The problem
Your answer must be the records below repeated word for word, with no pictures in it.

○ ○ ○ ○

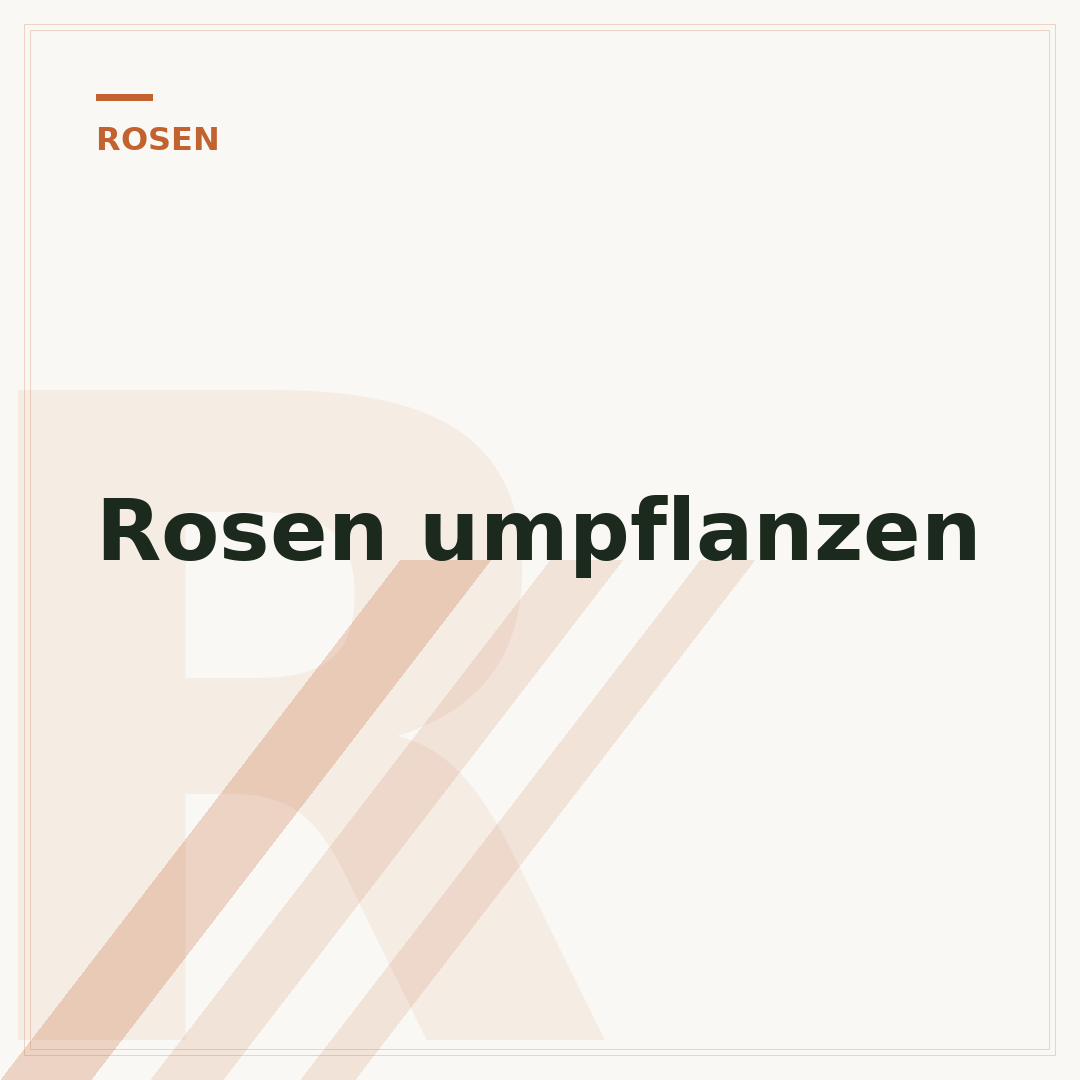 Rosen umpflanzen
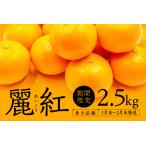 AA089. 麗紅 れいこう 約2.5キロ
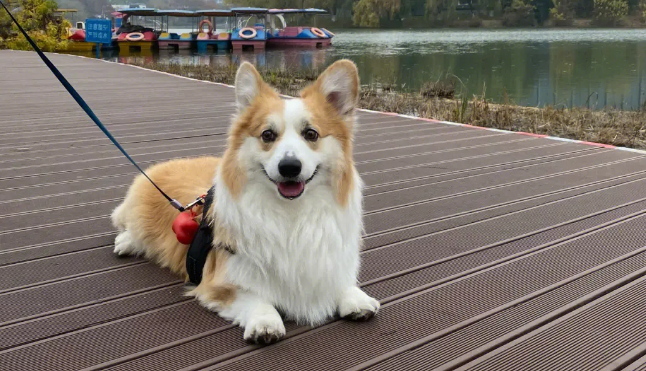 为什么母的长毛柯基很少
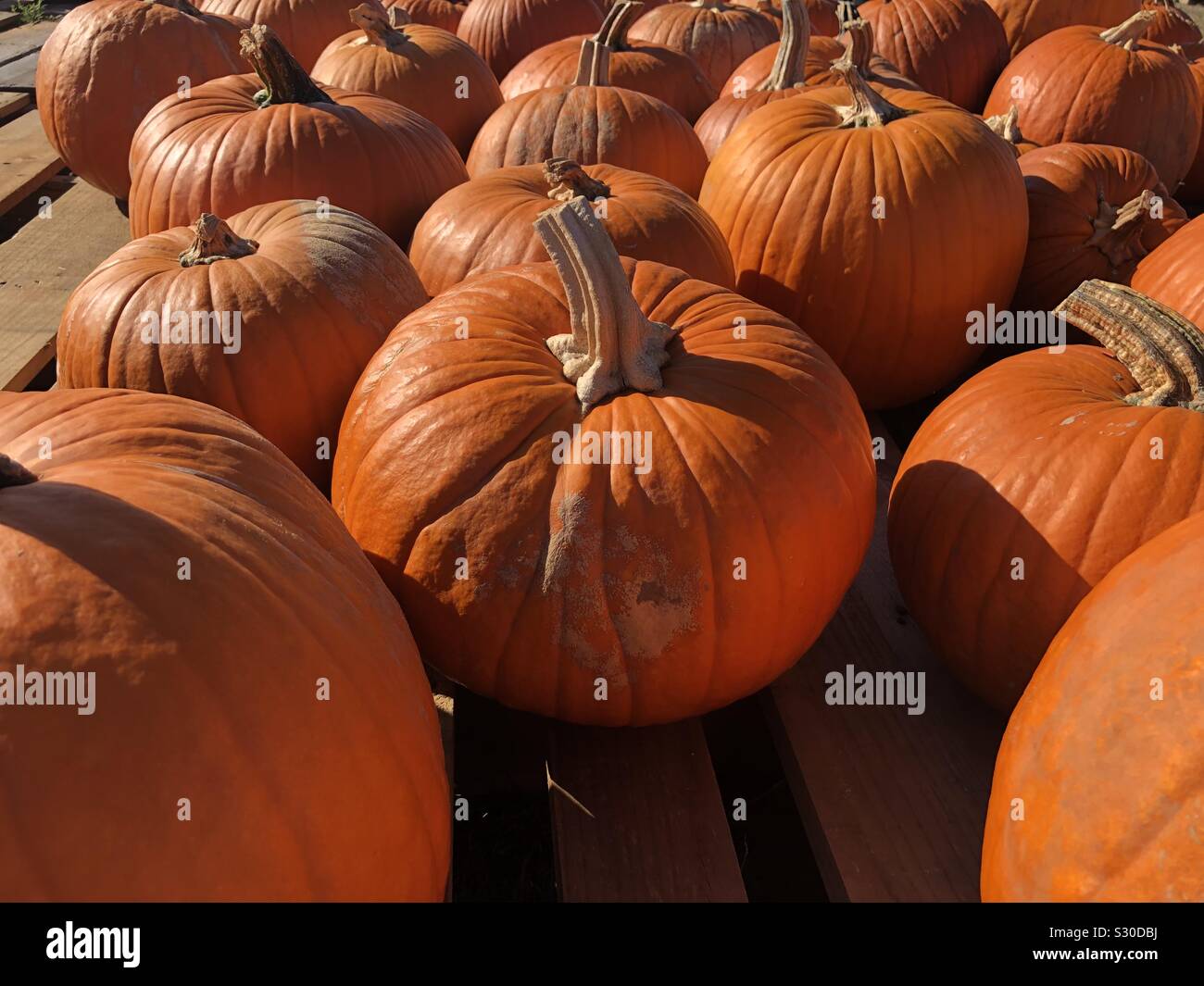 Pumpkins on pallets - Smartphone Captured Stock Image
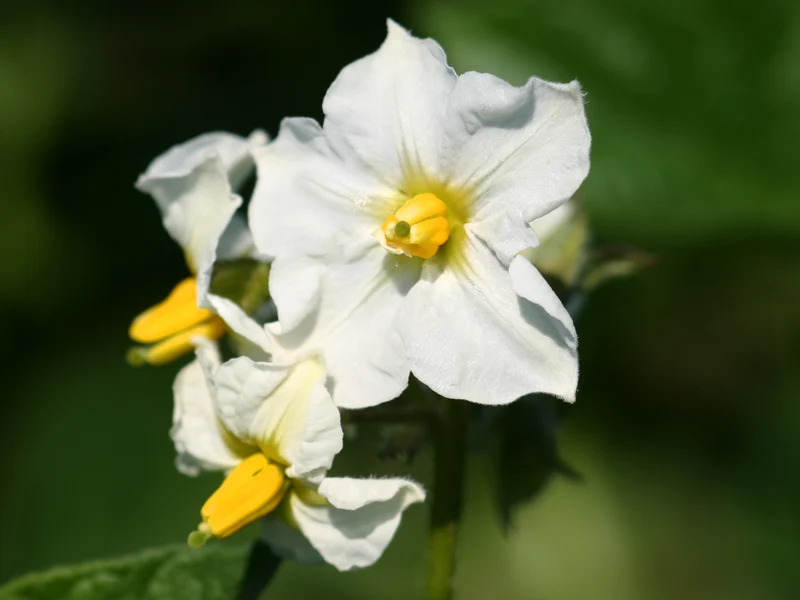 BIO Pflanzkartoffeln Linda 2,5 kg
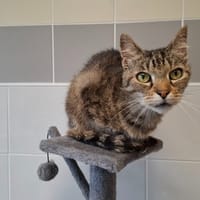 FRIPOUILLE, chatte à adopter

○ ○ ○ ○

Response box
 Rosen umpflanzen
 AA089. 麗紅 れいこう 約2.5キロ
 为什么母的长毛柯基很少
 Pumpkins on pallets - Smartphone Captured Stock Image
 BIO Pflanzkartoffeln Linda 2,5 kg
 FRIPOUILLE, chatte à adopter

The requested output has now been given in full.